I didnt have problems but a lot of sellers dont have their 'names' on their tables, I struggled to find someone last year who had no id on their table at all & I had to ask 3 people before I could find them.
But we're not encouraged to 'advertise' incase we look like a buisness I think?

I had a huge banner on the front of my table, contact cards & Clancorns on every box I had n the table but still had to give directions on the phone to a couple of people picking up orders.

I wasn't at Kempton but saw the booklet that you got on entry. It had a floor plan & a key with each seller, their table number and what they were selling. I thought it was a great idea!! I appreciate a printed booklet could be expensive unless a lot of sponsorship was sought. Maybe a floor plan in the entrance halls with sellers names on would be a cheaper alternative? 

The tables @ Donny were numbered but they weren't in numerical order. I was 82 and someone next to me was 90 something and a buyer was looking for table 100 and we didnt have a clue where to point them.


----------



## LEXCORN (Feb 9, 2007)

Ya, Layla is quite correct...........

She had the banner 'Clancorns', Adam & Debbie Clarke 'Procorns' had a plaque on their table & Lexcorn brass plaque is no longer on the table, but, on the display in which the corn snake hatchlings are exhibited.
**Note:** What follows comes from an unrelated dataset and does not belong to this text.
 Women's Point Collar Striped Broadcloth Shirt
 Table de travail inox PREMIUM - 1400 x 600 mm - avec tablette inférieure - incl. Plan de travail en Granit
No, there's no chronological order of tables, therefore, it was difficult to advise folks on where someone may be placed in the hall.

Yup, a booklet may be a little expensive to produce but a floor plan on the wall - at the Entrance - would be an excellent idea for both the Public & the Exhibitors!

We always provide I.D. on the hatchling tubs / print leaflets with contact details &, if allowed, will place Business Cards on the tables.

However, I notice that some exhibitors do not provide ANY identification & it never ceases to amaze me how a cheap, kinked, non-feeding animal will be purchased from a table (with no idea who is selling) & the purchaser will complain later that the animal is 'half-dead', but, cannot remember who sold it!

Come on guys..........there's often a reason why there's no I.D. on the tables.

Regards. Lex


----------



## kevchandler (Jul 14, 2008)

It was my first year in having a table booked at the show. I was informed when i booked the table that i had to have all contact details on hand to give to the new owner of any live stock purchassed. I was informed that this was good practice to do. I kept to this as it was in the rules of attending the show. I feel that people will be letting the hobby down by not keeping to simple rules. I like the idea of having a banner for my table so this will be a must for me at any future shows. I did not not have time to walk round to introduce my self to many people as i was stuck on my table all day, i will be more prepared for making time to go round to say hello to people at any future shows i attend.


----------



## SnakeBreeder (Mar 11, 2007)

I think the floor plan idea would be very helpfull as I also had people asking me where certain tables were ( to which I had no idea ).
I think sellers should have name tags also as that helps identify people.
And one I failed on was putting my details on the boxes of snakes I sold. I normally do this but forgot to take the stickers to the show :bash:


----------



## LEXCORN (Feb 9, 2007)

kevchandler said:


> I did not not have time to walk round to introduce my self to many people as i was stuck on my table all day, i will be more prepared for making time to go round to say hello to people at any future shows i attend.


Yup Kevin,

The table reservation does tend to keep you rather busy all day &, unless you take an 'able assistant' with you, there's very little time to allow yourself the opportunity to visit other tables to chat to fellow exhibitors!

Let me know where you are next year & I shall 'pop over' & say hello.

Regards. Lex


----------



## kevchandler (Jul 14, 2008)

I will let you know where im located next year alex.....


----------